In May 1862 Rosecrans was transferred to the Western Theater and put in charge of a wing of John Pope’s Army of the Mississippi during the Siege of Corinth. Rosecrans replaced Pope after the latter was brought to the Eastern Theater in the summer of 1862. Rosecrans’s superior officer was Major General Ulysses S. Grant, who commanded all Union forces in and around Western Tennessee. Rosecrans led his troops to hard-fought victories on September 19 at Corinth, Mississippi and October 3-4 at Iuka, Mississippi. His failure to aggressively pursue the retreating Confederates after the Battle of Corinth, however, earned the ire of General Grant.
Following his victories at Iuka and Corinth, Rosecrans was sent to Kentucky to replace Don Carlos Buell as the commander of the Army of the Cumberland. Leading its new commander, the Army of the Cumberland fought Braxton Bragg’s Army of Tennessee to a standstill at the Battle of Stones River from December 31, 1862 to January 2, 1863. Rosecrans’s victory was a sorely needed bright spot in a dismal winter for the Union cause.
Despite heavy pressure from President Lincoln, Rosecrans refrained from advancing for the next six months. Finally, in late June, Rosecrans began a well-executed offensive that forced the Confederates to abandon the vital city of Chattanooga, Tennessee and retreat into Georgia. Nonetheless, Bragg’s army remained intact, as Rosecrans focused on capturing territory rather than destroying enemy forces.
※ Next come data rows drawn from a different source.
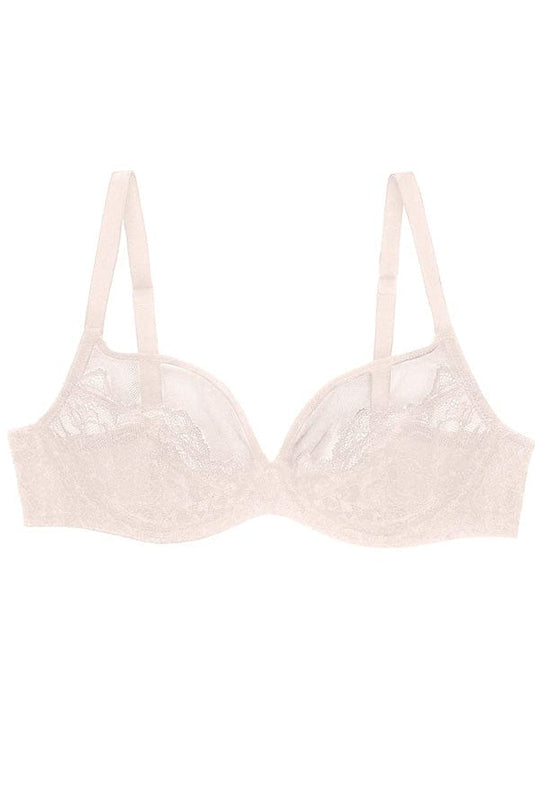 Bowery Mesh Plunge Bra- Blush
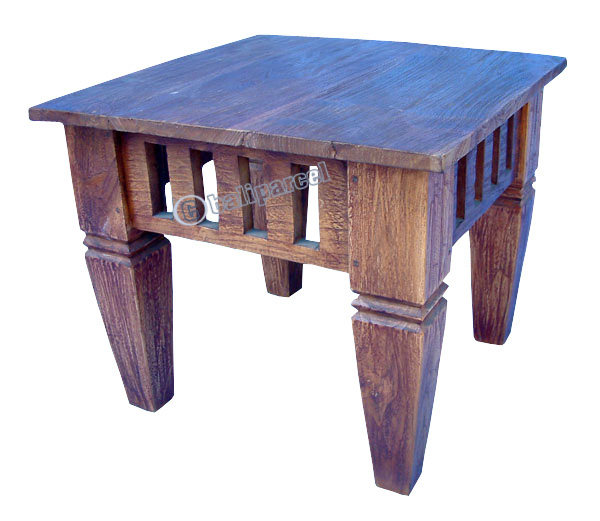 Wooden Table, Made From Old Teak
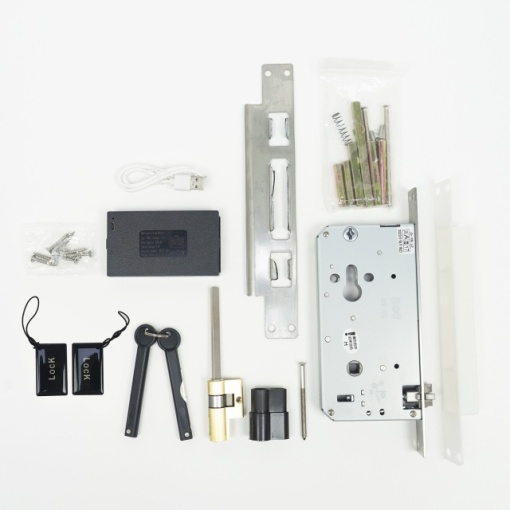 Yala inteligenta PNI SafeHome PTY8824, card, cod, amprenta, 300 utilizatori, control din aplicatia Tuya Smart, camera HD incorporata - Img 8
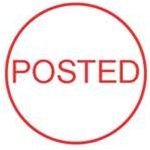 Round Stock Stamp POSTED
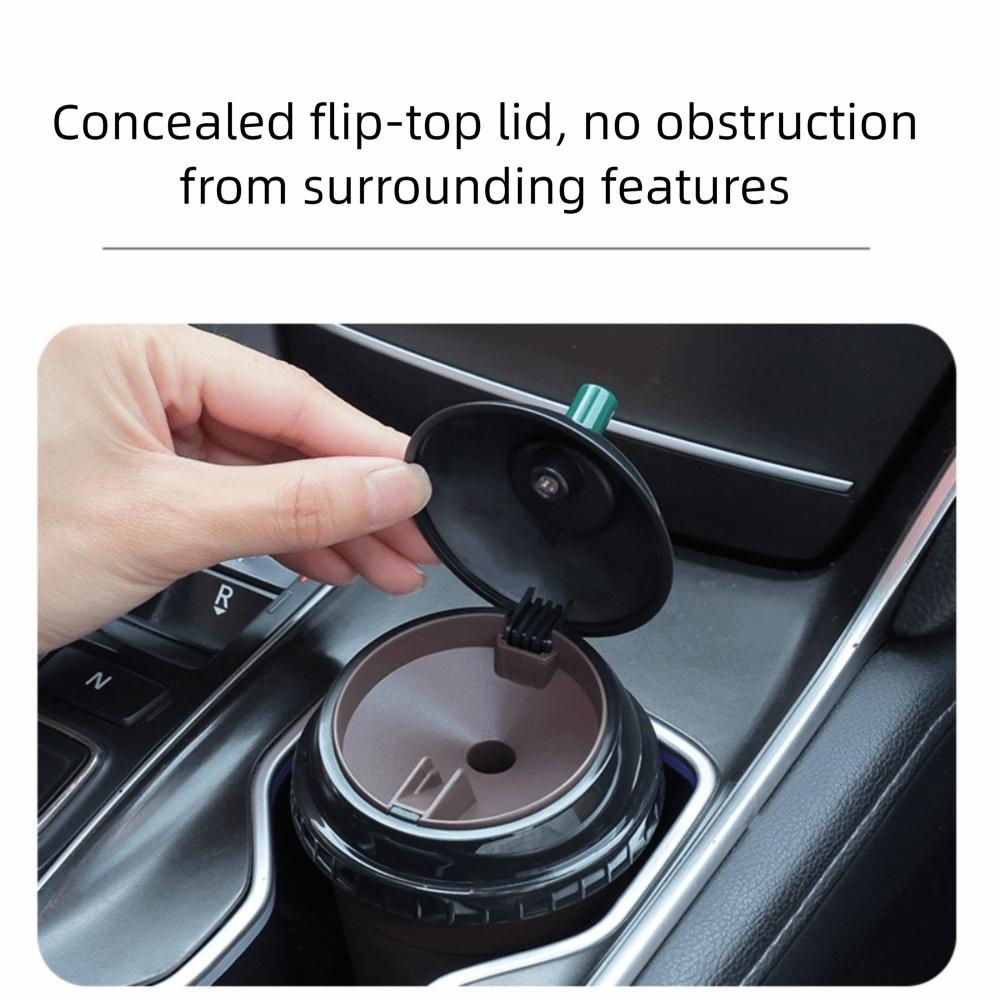 Separable Car Ashtray Garbage Storage Mini Trash Bin Portable Coffee Cup Ashtray  Household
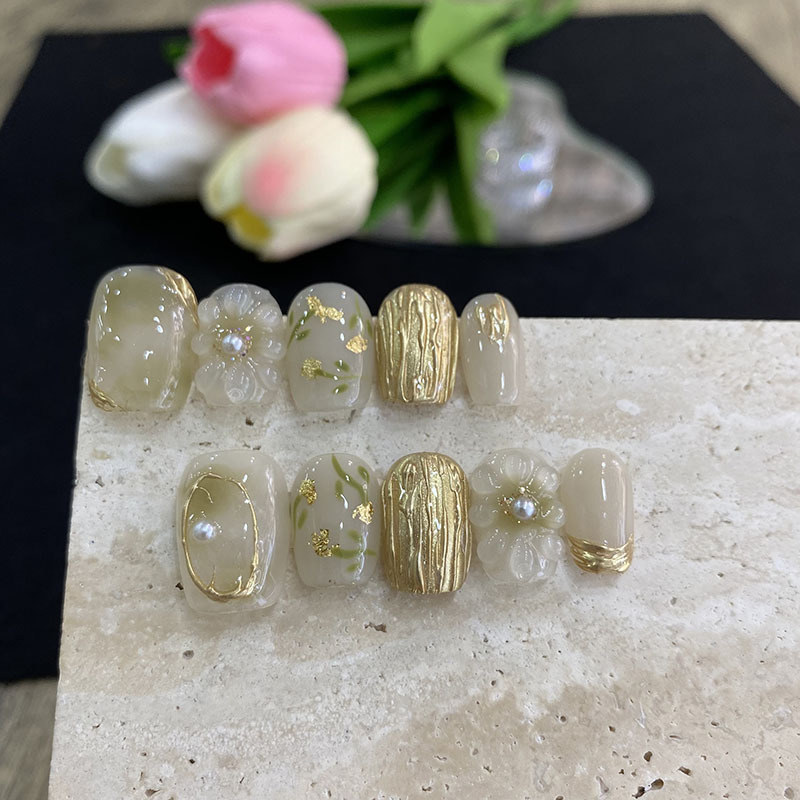 10 stuks vlinderbloem nepnagel - Nail Art French Nails recensie en prijs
On September 19 and 20, Bragg struck back near Chickamauga Creek. In one of the few battles in which the Union was outnumbered, the Confederate Army of Tennessee delivered a crushing blow to the Army of the Cumberland, sending Rosecrans fleeing back to Chattanooga, where federal forces were quickly besieged.
After the disaster at Chickamauga, Grant, who had recently been promoted to overall command of Union forces in the west, chose to relieve Rosecrans of command, replacing him with Major General George Thomas. On his way to Chattanooga to assess the situation, Grant encountered Rosecrans, who was on his way back north. Grant later wrote, “we held a brief interview, in which he described very clearly the situation at Chattanooga, and made some excellent suggestions as to what should be done. My only wonder was that he had not carried them out.” For his part, Rosecrans remained bitter towards Grant for the rest of his life, blaming him for his fall from grace. He wrote to his friend James Garfield, “I consider my present situation an outrage on justice having few parallels in this or any other War. But I am a firm believer in the final downfall of iniquity.”
Although he commanded Union forces in Missouri in 1864, Rosecrans did not play a significant role in Union operations for the remainder of the war. In 1867 he resigned his commission in the Army. A year later he was appointed by President Andrew Johnson as the United States Minister to Mexico and served in the position for a year.
Rosecrans spent much of his postwar life in California. In 1880 he was elected to Congress as a Democrat. He represented California’s 1st District for two terms, serving from 1881 to 1885. During his time in the House of Representatives, Rosecrans opposed a bill to provide a pension to his old rival, Ulysses S. Grant, who at the time was almost destitute and dying of throat cancer. The legislation passed over Rosecrans’s objections.
Rosecrans died on March 11, 1898. He was initially buried in Rosedale Cemetery in Los Angeles, California. In 1902 his body was reinterred in Arlington National Cemetery.